It is an important general feature of the minimisation problem in (2) that we need not fix the whole extension \(\bar{d}\). It is enough to study the constraints on the variables \(\delta _x\), \(x=A,B,C,D\). This is elaborated in the next section.

4 Efficient Computation

As already mentioned after Lemma 1, we can compute \(\tilde{D}_1\) and \(\tilde{D}_\infty \) by solving a linear program and \(\tilde{D}_2\) by solving a quadratic program. Thus, we can compute the distance in a time polynomially bounded in \(n=\#X\) (Karmarkar 1984). In the naïve way, the linear (quadratic) program has the \(n^2\) variables \(\epsilon _{xy}=\bar{d}(x,y')\) and \(\mathrm {O}(n^3)\) constraints resulting essentially from the triangle inequalities in triangles of the form \(x,y,z'\) or similar. But, we can do the computation more efficiently. Observe that the objective function in (2) depends on the unknown values \((\delta _x)_{x\in X}\), \(\delta _x=\epsilon _{xx}=\bar{d}(x,x')\) only. The reformulation of the constraints forced by \(\bar{d}\) being a semimetric using that variables only is provided by the following theorem. We prove it in “Appendix”.

Theorem 2

(quadrangle inequalities) Let \(\rho ,\rho '\in M(X)\) and \((\delta _x)_{x\in X}\in \mathbb {R}_{\ge 0}^X\) be given. Then, there exists a \(\bar{d}\in E(\rho ,\rho ')\) with

$$\begin{aligned} \bar{d}(x,x')=\delta _x,\quad x \in X, \end{aligned}$$

if and only if for all \(x\ne y\in X\) the following inequalities are fulfilled:

$$\begin{aligned} \delta _x+\delta _y\ge & {} \left|\rho (x,y)-\rho '(x,y)\right|\nonumber \\ \left|\delta _x-\delta _y\right|\le & {} \rho (x,y)+\rho '(x,y). \end{aligned}$$
(5)

Consequently, \(\tilde{D}_i(\rho ,\rho ')\) solves the program

$$\begin{aligned} \left||\delta \right||_i\rightarrow & {} \min \quad \text{ under }\nonumber \\ \delta _x+\delta _y\ge & {} \left|\rho (x,y)-\rho '(x,y)\right|\quad x, y\in X\nonumber \\ \left|\delta _x-\delta _y\right|\le & {} \rho (x,y)+\rho '(x,y)\quad x\ne y\in X. \end{aligned}$$
(6)

Observe that \(x=y\) in the second line yields \(\delta _x\ge 0\). Thus, \(\tilde{D}_i(\rho ,\rho ')\) can be obtained as solution of a linear (quadratic) program in the n variables \(\delta _{x}=\bar{d}(x,x')\) with \(\mathrm {O}(n^2)\) constraints.

Example 2

Let us continue Example 1 and compute \(D_i(\tau ,\tau ')\) exactly. Since \(\rho (A,D)=\rho '(A,D)\) and \(\rho (B,C)=\rho '(B,C)\), the nontrivial constraints from the upper part of (5) read as

$$\begin{aligned} \delta _A+\delta _B\ge & {} 1\nonumber \\ \delta _A+\delta _C\ge & {} 1\nonumber \\ \delta _B+\delta _D\ge & {} 1\nonumber \\ \delta _C+\delta _D\ge & {} 1. \end{aligned}$$
(7)

Consequently,

$$\begin{aligned} D_1(\tau ,\tau ')\ge \delta _A+\delta _B+ \delta _C+\delta _D\ge 2. \end{aligned}$$

The graph \(G_1\) from Example 1 realises this lower bound.

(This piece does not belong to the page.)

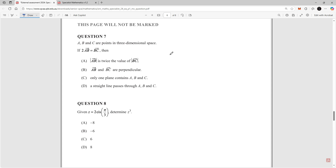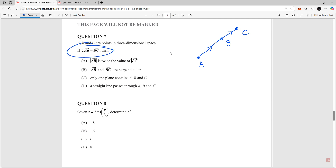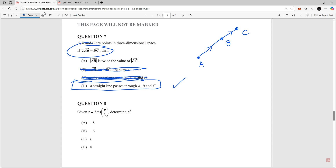Question seven: A, B, and C are points in three-dimensional space. If 2 times vector AB equals vector BC, then B must remain fixed and the vectors point in the same direction with AB twice the length of BC. This means A, B, and C are collinear — a straight line passes through all three points. The correct answer is D.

For \(i=\infty \), (7) immediately shows

$$\begin{aligned} 2 D_\infty (\tau ,\tau ')\ge 1 \end{aligned}$$

or \(D_\infty (\tau ,\tau ')\ge \frac{1}{2}\). This lower bound is realised by \(\delta _A=\delta _B=\delta _C=\delta _D=\frac{1}{2}\):

For \(i=2\), (7) gives \(\delta _A^2+\delta _C^2\ge \frac{(\delta _A+\delta _C)^2}{2}=\frac{1}{2}\). The same calculation for BD yields

$$\begin{aligned} \delta _A^2+\delta _B^2+\delta _C^2+\delta _D^2\ge 1 \end{aligned}$$

or \(D_2(\tau ,\tau ')\ge 1\). \(G_2\) realises this lower bound, too.

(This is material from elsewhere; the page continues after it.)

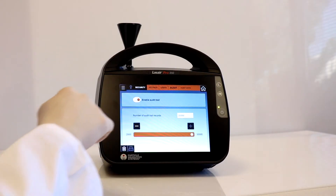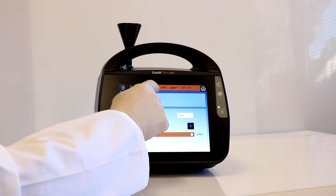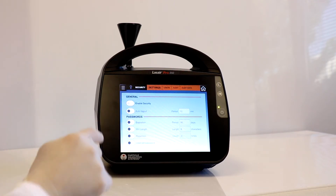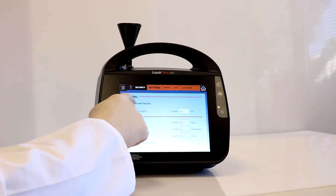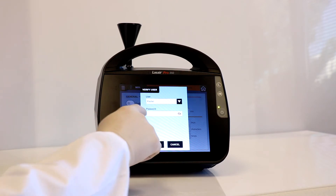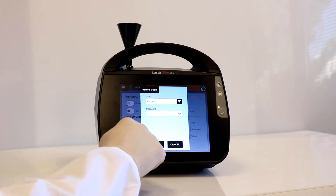Next, we select the settings table and enable the security function. Here, we enter our administrative password and select OK.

The upper bounds on the absolute differences were not used in the example. Interestingly, they are not important in general:

Theorem 3

For \(\rho ,\rho '\in M(X)\) \(\tilde{D}_i(\rho ,\rho ')\) is the solution of the convex program

$$\begin{aligned} \left||\delta \right||_i\rightarrow & {} \min \quad {\text {under}}\nonumber \\ \delta _x+\delta _y\ge & {} \left|\rho (x,y)-\rho '(x,y)\right|x,y\in X. \end{aligned}$$
(8)

In Isbell (1964), see also Dress (1984), the set of these constraints for \(\rho '=0\) was studied thoroughly. Our proof is obtained by adapting some arguments from Isbell (1964).

Proof

By sublevel compactness for \(\left||\cdot \right||_i\) there exists a minimal point \(\delta \in \mathbb {R}_{\ge 0}^X\) of (8). We show by contradiction that for this \(\delta \) the second part of (5) is fulfilled as well. This implies coincidence of the solutions of (8) and (6).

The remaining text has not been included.